筆墨須強調骨力,氣韻須有氣接。這力與氣全在於人的使筆,在乎畫家個人的綜合素質。畫人物要有神氣,畫山水要有靈氣。一幅好畫,其氣脈必須相通,畫即有靈氣,有靈氣,氣韻自然生動。氣韻必須建立在人之本原基礎上,審美價值才體現出其深切的人生感悟。畫格、氣韻在傳統的中國畫中,當以士大夫為最高,因其天資悟性、識見眼界、修為學養都有過人之處。反之,“聰明自用之子,口不誦古今之書,目不睹古人之跡,率爾塗抹,自詡前無古人,或以模糊為氣,參用濕絹、濕紙諸惡習,雖得迷離之態,終虛實于晦暗,晦暗則不清;或以刻畫求工,專摹唐畫、宋畫之贗跡,雖博精能之致,究恐失之煩瑣。”(黃賓虹語)
中國畫既要重視筆墨趣味,又要表現詩的意境。心源虛靜之地,則天機舒捲,意境自深。見春山白道而思行,見平川落照而思望,見岩扃泉石而思遊。坐窮泉壑,鳴聲在耳;山光水色,盪漾在目,大快人意,實獲我心!山水畫與詩相似,因心造境,境由心生。特別是山林隱逸與群體山水賞會,暗合失落的文人士大夫心境。
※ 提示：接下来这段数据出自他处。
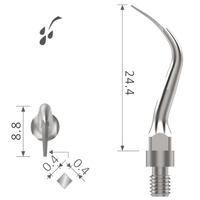 Ultraschallspitze universal Scaling xp-sr4L 2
以老莊道學為山水審美作心靈上的觀照,從本質上促進了山水詩與畫的融合:詩中有畫,畫中有詩。山水畫正成了中國文化人的心靈歸宿。
如畫者文學修養淺薄,必惘無畫興;繪畫作只圖形似,而沒有意境,那畫作註定是要失敗的。唯讀書,可以醫俗。通過讀心愛的山水詩,可以提高對意境的體會,當文學興致提高了,畫能從傳神處著筆。神到了,形體上的似與不似反是不關要緊了。畫境可與題詩同時陶鑄,互相融合補充完善,靜觀而甄陶天機,細味而遷想妙得。“名賢以縱樂琴書圖畫,代去雜念。”(荊浩語)
以書入畫得風骨,觀覽古籍知元氣,閱誦詩詞添意境。中國山水畫要求畫家功夫在畫外,讀書,寫字,畫畫,治印共冶一爐,道行修為,有文化,見高雅。吳昌碩、黃賓虹、齊白石三位巨擘,詩書畫印,樣樣精通,真個大師風範。